Hydration is power. We all need water like we need oxygen. And you think it would be simple: you get thirsty, you drink, you pee, repeat. While this is true, my goal today is to help you level it up. I want you to know what your body says about dehydration and how to recognize it. Beyond this, there is power in hydration and there can be more powerful when you amplify a few details.

Hydration - woman drinking water

Some of you might be pumped to hear this, and some of you might have an automatic resistance to this topic. I believe there are two kinds of “hydraters” out there:

    • Those who drink incessantly. So much that you have to pee on your way in and out of Costco. You are probably so excited about this episode, and can’t wait to get a new water bottle, or add the goodies to your already stellar hydration routine!
    • Then there are those that resist it. For some reason, not drinking adequate water is a place some like to allow their inner rebel to shine and they just don’t want to do it. They don’t like water bottles, they don’t like the inconvenience of peeing midday, and they don’t like water.  My hope is that today’s episode at least convinces you to take your water bottle with you and perhaps spike some interest in adding more.

Whichever category you fall under, or if you are somewhere in-between, there are 2 main goals of hydration:

1. To keep your fluid levels high enough to allow metabolism to function properly. All metabolic processes require H-2-O!

2. Get in the good stuff and balance out some of the beverages that dehydrate.

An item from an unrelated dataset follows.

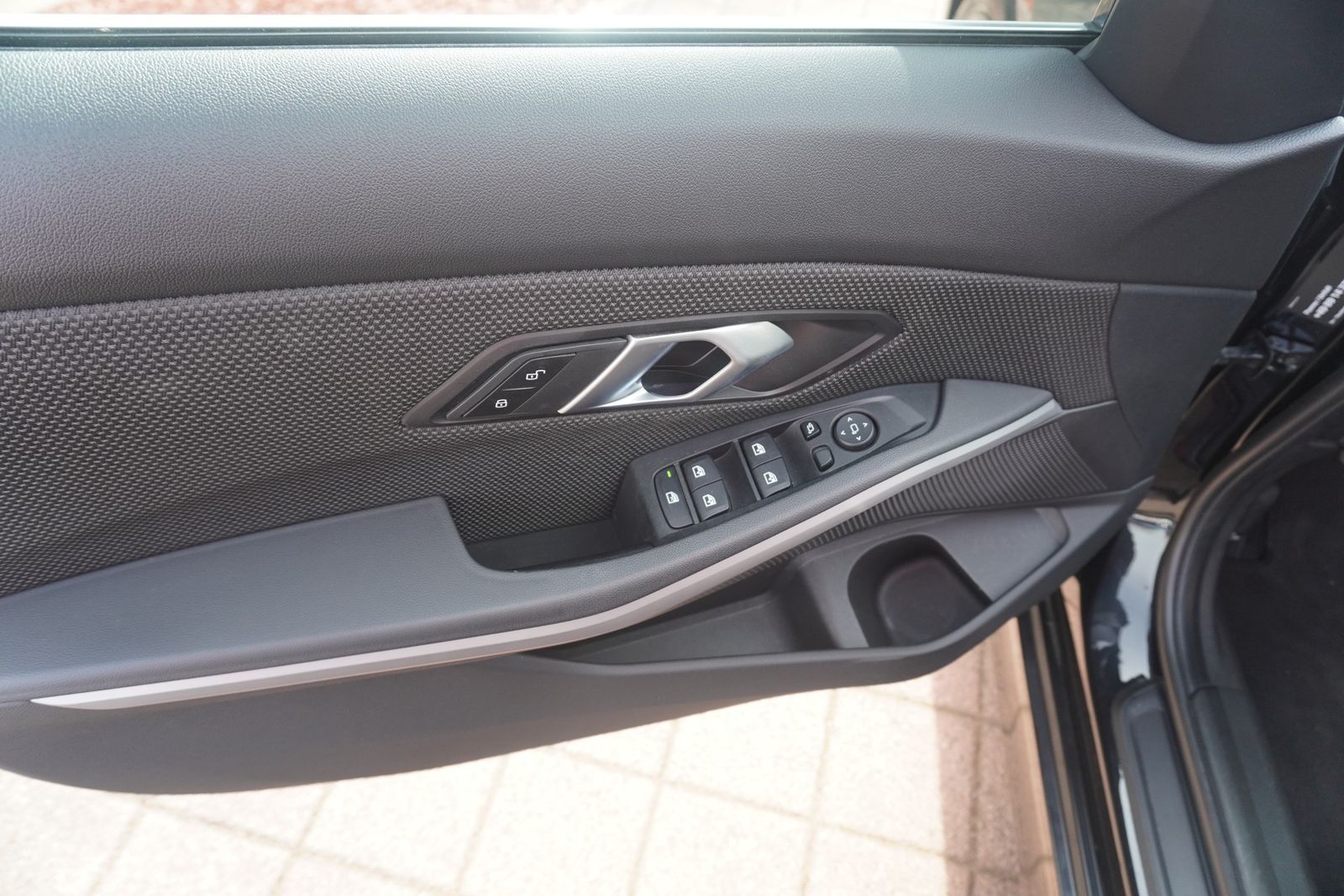 BMW 320i Advantage LED Navi Digitales Cockpit PDC foto 17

Now if you are anything like me- once upon a time you lived by the rule “Don’t drink your calories.” If you live here, I understand why. And I want to invite you to challenge this line of thinking because there are major advantages to adding the beverages below. Now I am not talking about adding in sodas or high-sugar coffee beverages (those are awesome, but are more like a dessert or fun food, not everyday nutrition foods). Rather, I am talking about how to use liquids with added bonuses as a way to level up your hydration, and your nutrition, while juggling all the things!

5 Beverage Boosters to add:

1) Protein Powders— Add in protein while you hydrate! My current favorite is Polar Joe: Don’t forget to enter “FUELHERAWESOME” for 10% off any order!

2) Amino Acids— Add before a workout or mid-afternoon to combat fatigue.

3) Tart Cherry Juice before bed— This juice naturally contains melatonin to help you sleep. It also has heavy doses of antioxidants to enhance recovery. Better, more restorative sleep!

4) Notropics— The term “nootropics” is used to refer to any natural or synthetic substance that may have a positive impact on mental skills. Most people looking to optimize cognitive function have to get the basics first: enough sleep, eating nutrient-dense foods and managing stress. But once you have those basics down, the right nootropics might serve as a bonus, helping you think more clearly or reducing your chances of cognitive decline as you age. My favorites are MudWatr and Magic Mind.

5) Green powders— While they don’t replace fruits and veggies, they are great on the go!

CHEERS to drinking more fluids, and happy eating!